When thinking about new ice cream flavors, I am often inspired by the foods and ingredients around me. Several of my previous flavors were inspired by favorite desserts (such as King Cake or Toasted Coconut ice cream) or favorite flavor combinations (Blood Orange Sorbet with Star Anise). My most recent creation was inspired by the mound of basil I had growing out of my indoor AeroGarden. If you have ever grown basil, you know how fast it can take off. I started clipping it and storing it in water on the counter top, trying to think of something to do with it other than make pesto. Then it came to me!
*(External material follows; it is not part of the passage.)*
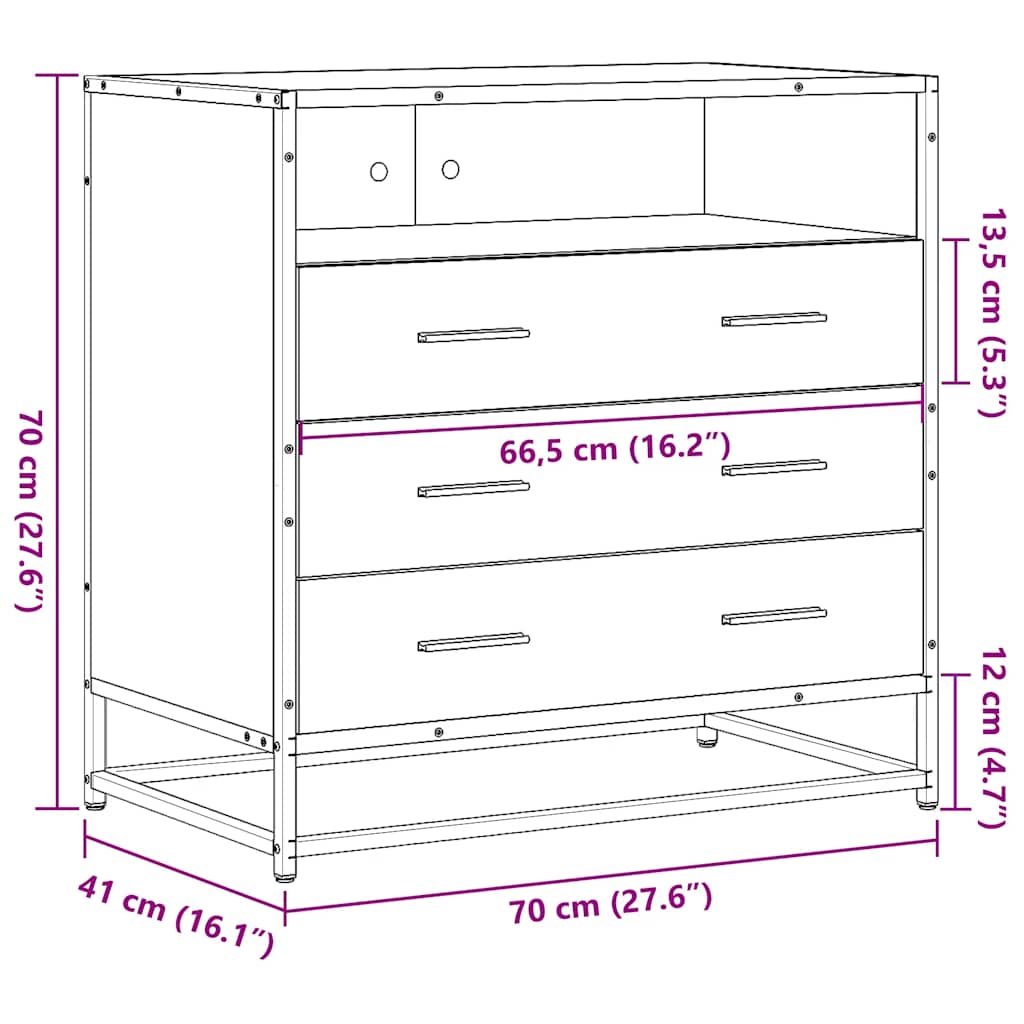 Commode chêne marron 70x41x70 cm bois d'ingénierie - XIOS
I remembered reading about herbed flavored ice creams in one of my favorite ice cream books. I found a recipe for Basil Ice Cream, jotted down a few ideas to make the recipe my own, and went for it.
The results were excellent! The striking anise flavor of the basil, sweetened with sugar, and balanced by a bit of lemon made for a very light and refreshing scoop of ice cream. The original recipe suggested serving the ice cream over macerated strawberries with lemon…amazing combination. The best part of preparing dessert in this way was that I was able to use local strawberries (they are now in season in Louisiana). Basil ice cream is probably one of my favorite flavors so far. Enjoy!
Basil Ice Cream
Makes 1 quart
I experimented with guar gum and xanthan gum to achieve a nice texture in this ice cream, however the addition of these ingredients is not necessary. Add 3 Tablespoons of cream cheese to the base to help improve the scoop-ability.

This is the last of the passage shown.